Running a modern transport operation in the Northern Territory often means going for even bigger trucks. Bob Holt, from Katherine, is one such operator, with plenty of stories to tell and still running big trucks on a daily basis in the modern business environment.
In 1967, Bob bought the first Kenworth in the Northern Territory. He had been using a Bedford, with a carrying capacity of 12 tonnes, until this point. He had also been pulling a dog trailer with another 12 tonnes. This had been followed by a petrol powered Ford, an International bought secondhand out of Alice Springs then followed.
Bob now runsx two Volvo prime movers, the older truck is a tri-drive, the newer Volvo FH is a twin steer 8×4 prime mover. Both have identical engine rating and axle ratios, and 4.55:1 diffs on all the trucks give them 1,400rpm at 85km/h. 600hp is the rating Bob chooses for his trucks.
“What’s the saying?” says Bob, “The more fire, the more fuel. We used to pull these trailers with 350hp. “We were talking about the new low gear I-shift from Volvo. They have always lacked a low gear. That’s why a lot of operators went to the Roadranger instead. Now with these two new low gears you can run a taller diff, then you can run the engine at around 1,300rpm and you are saving fuel again.”
The trucks are limited to run at 85km/h and Bob reckons he will get 1.25km/l going up to Darwin on a 644km round trip, with a combination which runs at 142 tonnes. He reckons this is a lot more economical than some other operators.
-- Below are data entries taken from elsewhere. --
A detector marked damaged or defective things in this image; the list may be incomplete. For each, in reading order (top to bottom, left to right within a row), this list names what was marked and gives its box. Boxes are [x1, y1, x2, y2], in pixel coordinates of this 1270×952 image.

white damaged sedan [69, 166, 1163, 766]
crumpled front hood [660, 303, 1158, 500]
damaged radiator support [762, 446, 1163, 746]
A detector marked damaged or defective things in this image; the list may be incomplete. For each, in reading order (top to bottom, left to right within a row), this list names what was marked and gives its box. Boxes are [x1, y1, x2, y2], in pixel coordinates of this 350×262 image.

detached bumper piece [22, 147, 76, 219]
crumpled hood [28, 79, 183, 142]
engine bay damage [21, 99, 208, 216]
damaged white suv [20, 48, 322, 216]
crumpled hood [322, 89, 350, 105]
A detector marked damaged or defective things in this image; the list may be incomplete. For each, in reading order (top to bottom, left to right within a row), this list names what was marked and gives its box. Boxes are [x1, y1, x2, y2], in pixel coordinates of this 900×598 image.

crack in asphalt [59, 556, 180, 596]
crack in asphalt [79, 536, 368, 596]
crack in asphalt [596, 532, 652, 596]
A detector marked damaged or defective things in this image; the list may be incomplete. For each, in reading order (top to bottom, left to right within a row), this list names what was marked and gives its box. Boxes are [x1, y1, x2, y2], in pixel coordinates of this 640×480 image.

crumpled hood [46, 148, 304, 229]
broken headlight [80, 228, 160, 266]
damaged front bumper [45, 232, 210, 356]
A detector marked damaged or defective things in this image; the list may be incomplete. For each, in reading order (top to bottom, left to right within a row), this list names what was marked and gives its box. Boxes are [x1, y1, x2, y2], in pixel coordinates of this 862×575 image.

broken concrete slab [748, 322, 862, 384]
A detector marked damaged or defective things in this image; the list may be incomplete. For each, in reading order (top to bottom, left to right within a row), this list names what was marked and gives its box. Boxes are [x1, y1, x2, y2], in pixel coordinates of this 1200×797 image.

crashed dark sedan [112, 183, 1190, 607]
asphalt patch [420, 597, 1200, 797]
“While you’re saving fuel, you’re saving everything else too,” says Bob. “I’m always trying to squeeze more economy out of the truck. The time difference when you are running at 85km/h is nothing. In 322km to Darwin, the time difference is 15 minutes at the most. It’s only a couple of sets of traffic lights’ difference. At that speed it’s also so easy to drive.”
Bob has always used Azmeb Trailers, side tippers designed for the tough jobs. The driver pulls into the yard and in less than ten minutes there are 105 tonnes of sand on the ground, ready for processing. This needs two passes – the first to tip trailers two and three, and then a second to tip the front trailer.
By running both a bogey and tri-drive, Bob is in a situation where he can compare the configurations in a like-for-like scenario.
“You can get the same rating on a truck whether it’s a tri-drive or a twin-steer bogie drive,” says Bob. “Once, we even had a tridem truck, two drive axles and one lazy and that wasn’t any good. We were getting stuck all of the time and it was only marginally cheaper than a tri-drive truck.
“We have had tri-drives, but we have chewed tyres off the front drive axle. Any troubles are with the front diff – it’s copping a hammering. A bogie drive truck eliminates all of that. Capital wise there’s no advantage, there’s an advantage of about 750kg payload on the tri-drive. The twin steer is hard on steer tyres and when compared to the tri-drive, which is like driving a Commodore, it nods and comes down hard on the second steer axle.”
Across the different brands of trucks Bob has bought, the kind of work he uses his trucks for has seen him acting as a guinea pig for a number of products. The application has taken trucks into unknown areas.
One truck which consistently twisted drive shafts scared the living daylights out of an overseas engineer who was riding on the chassis to see what was happening as the truck climbed a short climb out of an oil depot. He actually jumped off a moving truck into traffic to avoid the twisted mess. The solution was to use a shaft from a competitor brand.
Another engineer sustained a badly injured hand after putting it onto a diff at the top of a grade. Bob was too late in warning him and he lost a lot of skin on the well-overheated axle. The diffs turned out to be great for the job, but needed much increased cooling to work in the Territory.